Gaya
La nuova generazione di cartoni animati fatti con la tecnica del tridimensionale colpisce ancora, stavolta però in Europa. E così, contemporaneamente allo schiacciasassi della Dreamworks "Madagascar" esce "Gaya", una coproduzione spagnola/tedesca/inglese diretta dal britannico Leonard Fritz Krawinkel, e realizzata da un team di 75 esperti in computer animation.

La piccola cittadina di "Gaya" è un posto fantastico in cui governa un sindaco buono e la vita si passa allegramente tra feste e tornei. Quando però le viene rubata la "dalamite", una piccola pietra capace di dare energia a tutto la zona, la situazione diventa drammatica, e così sei piccoli Goyani se ne mettono alla ricerca. L'indagine li porta in nuovo mondo: quello reale. "Gaya" infatti non è altro che un programma televisivo di cui loro sono stati per anni i protagonisti...

Quello di Gaya è un mondo fantasy.
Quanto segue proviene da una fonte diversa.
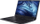Laptop Acer TravelMate TMP216-51-56J2, 16", Intel Core i5-1335U, 8GB RAM, 256GB SSD, Intel Iris Xe Graphics, gri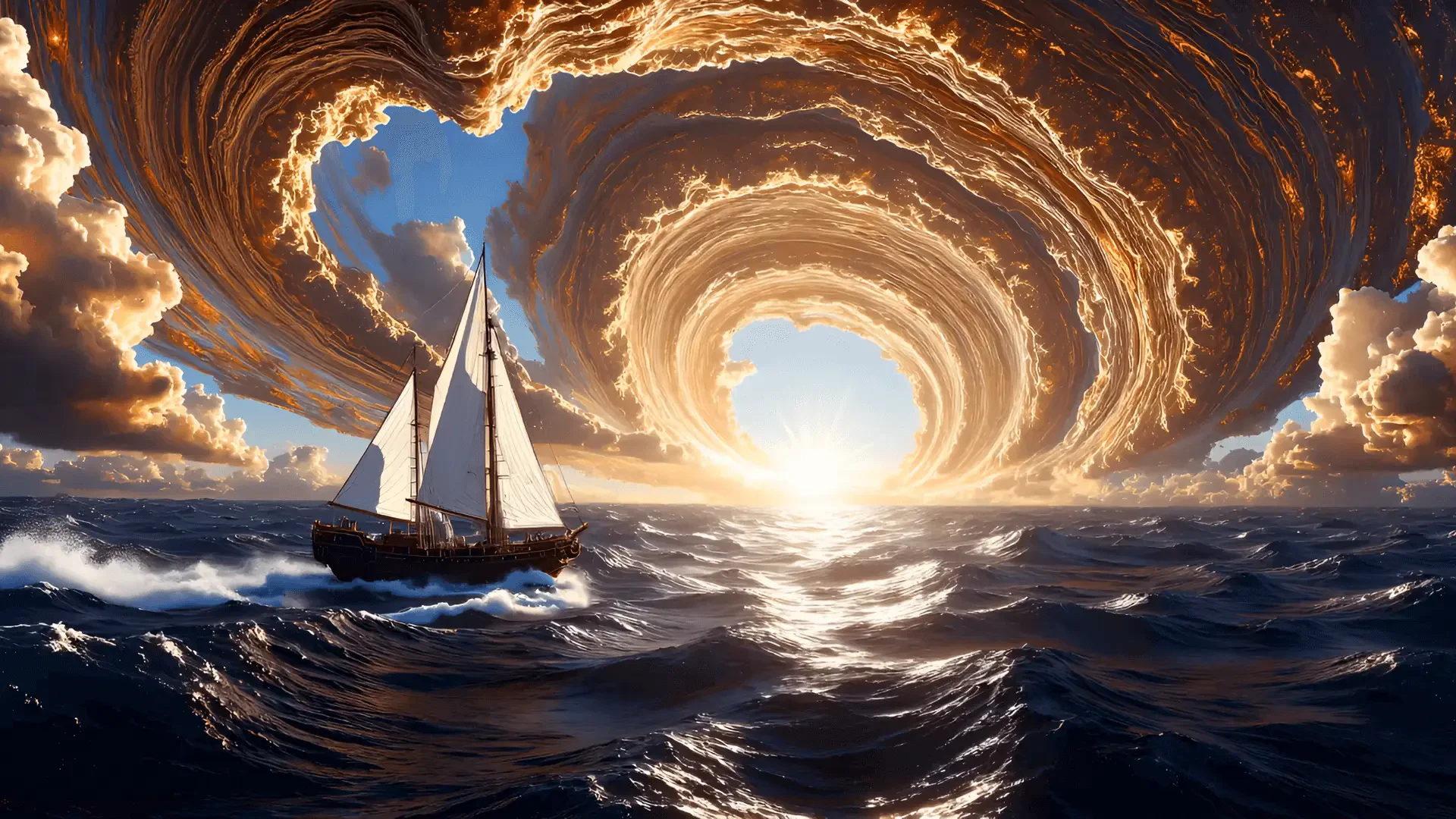 Vidu product overview with AI video generation features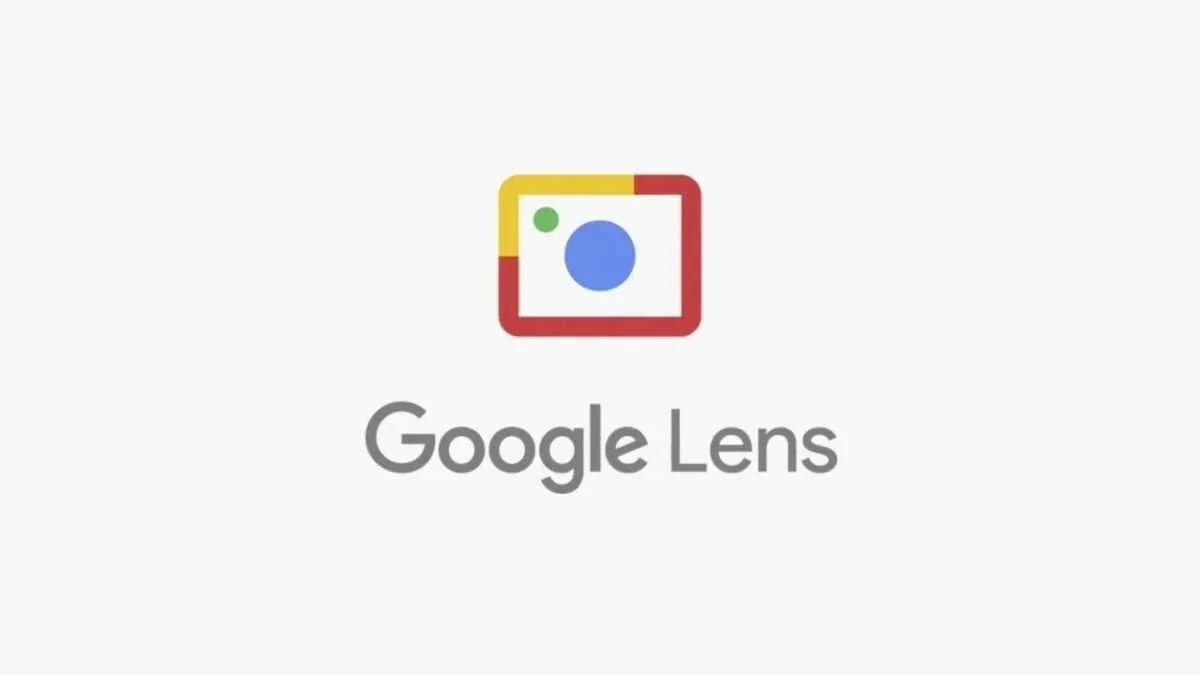 Google Lens arriva finalmente su Google Chrome per facilitare le ricerche 8 Google Lens logo
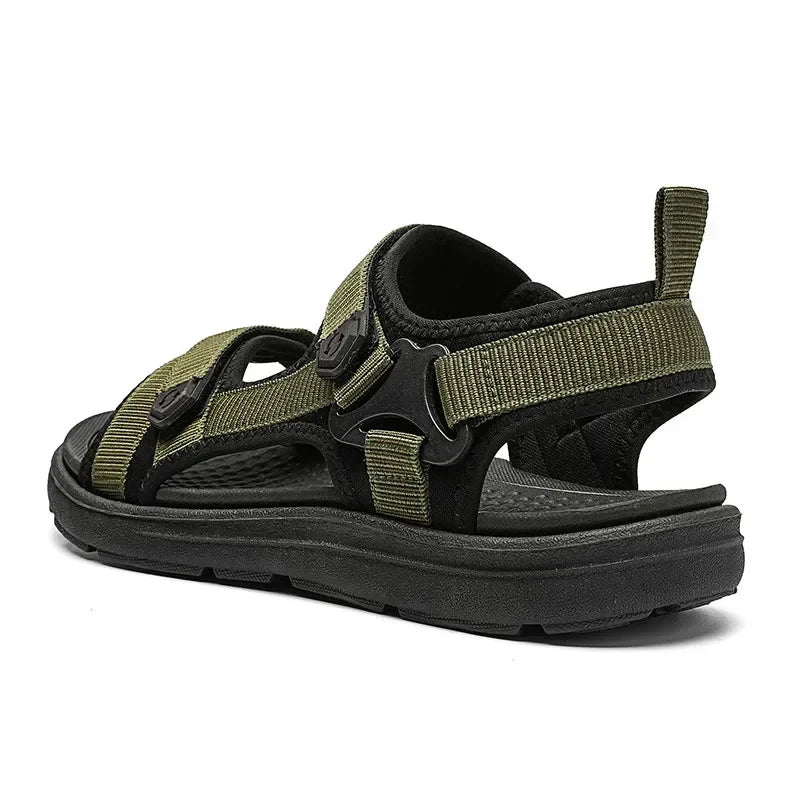 Lightweight Men's Summer Sandals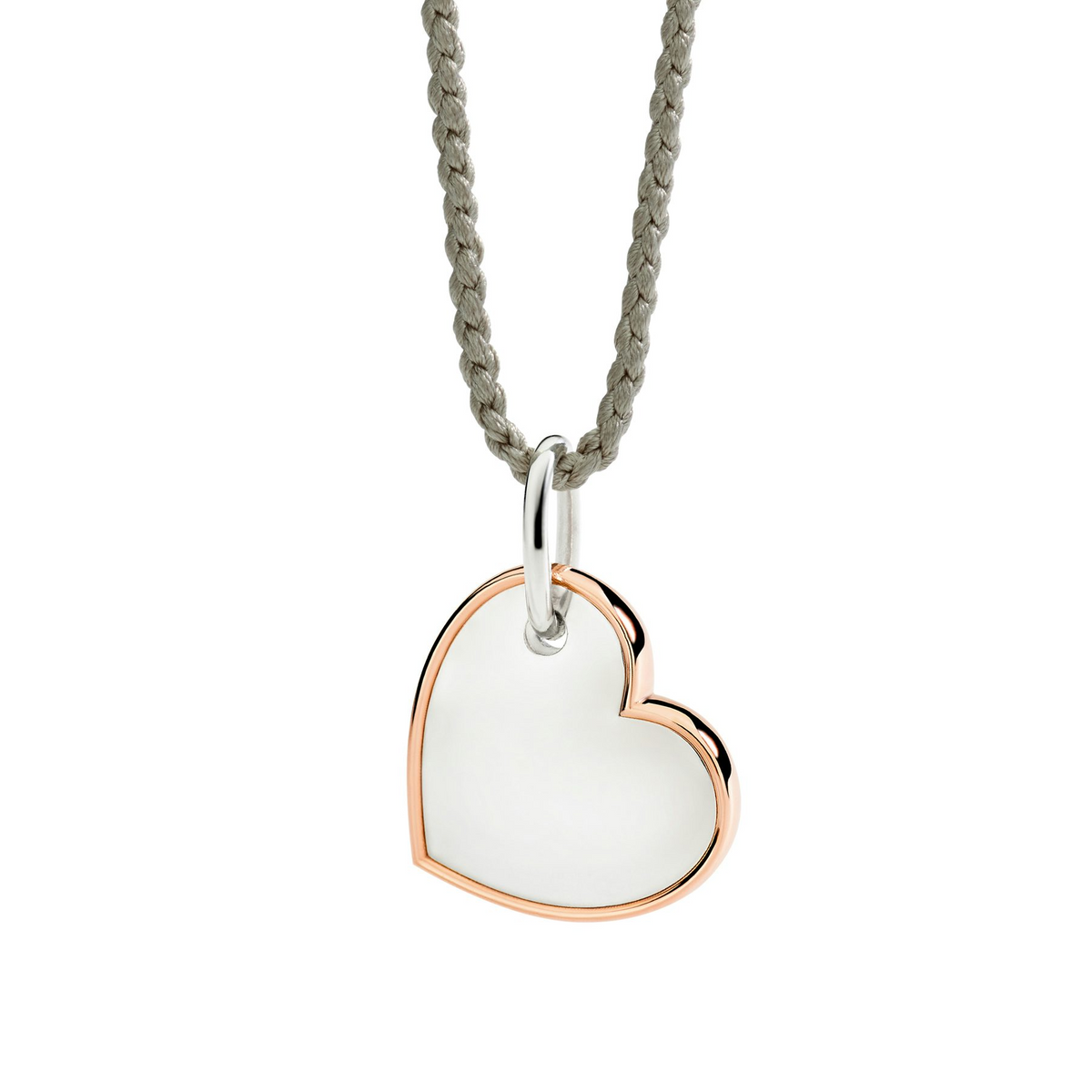 Dodo – Coeur XL – vue 2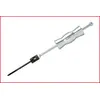 Image de KS Tools masse de frappe et barre de guidage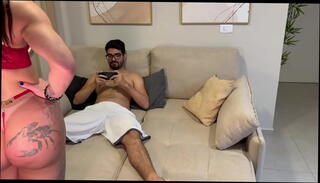 Video 1656834675: fucked creampied 3d sex, 3d anal creampie, booty fucked creampied, big booty 3d, ass creampie anal sex, blowjob anal sex creampie, teen ass fuck creampie, shemale fuck man 3d, fuck big booty ts, booty ts sucking, booties perfect ass fuck, big booty trans fucked, shemale fuck female creampie, female orgasm anal creampie, fuck big dick 3d, fuck big cock 3d, ass perfect booty pretty, big booty trans beauty, creampie female ejaculation, big booty transsexuals, women 3d, mouth anal creampie, creampie face fuck, curvy 3d, belly booty, long booty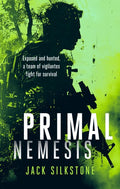 Primal Nemesis - MPHOnline.com
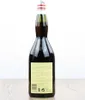 Gammel Dansk Bitter Dram Absinth Aromen von wilden roten Produktbild-Vorschau 5
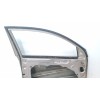 Recambio de puerta delantera izquierda para hyundai tucson referencia OEM IAM 76003D7000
Questa piccola cittadina popolata da omini dalle orecchie orizzontali, non può che ricordare la fantasia di Tolkien e del suo "Signore degli anelli". Ricorre poi anche qui l'espediente della compagnia che va in viaggio "tutti per uno, uno per tutti", così come le soluzioni "estetiche " scelte per la rappresentazione della cittadina, che sembra proprio il paese di Frodo e degli altri Hobbit. Il vero limite della pellicola è, comunque sia, il ritmo. Fin dalle prime scene la narrazione procede compassata, come se non la stessimo vedendo, ma ci fosse letta da un libro. Succede così che le situazioni comiche non facciano ridere, i paesaggi non affascinino, e le belle musiche del Premio Oscar Michael Kamen (che nel frattempo è morto) risultino fuori contesto. Che non si diverta il genitore lo si mette sempre in conto (seppur gli ultimi cartoni animati stiano smentendo sempre più quest'idea), ma qui il rischio è che pure il bambino si annoi. Rimane la morale della favola: l'importanza del libero arbitrio e la televisione ammazza cultura di oggi.

Curiosità: la voce della principessa Alanta, che nella versione italiana appartiene a Natalia Estrada, in quella originale è dell'attrice inglese Emily Watson, che fra poco sentiremo anche nel cartone animato (non uno qualsiasi): "La sposa cadavere" di Tim Burton. Che abbia abdicato alla carriera recitativa?

La frase: "Tutto quello che voglio è un bacio. Ma se lei mi guarda così male, non troverò mai il coraggio di chiederglielo".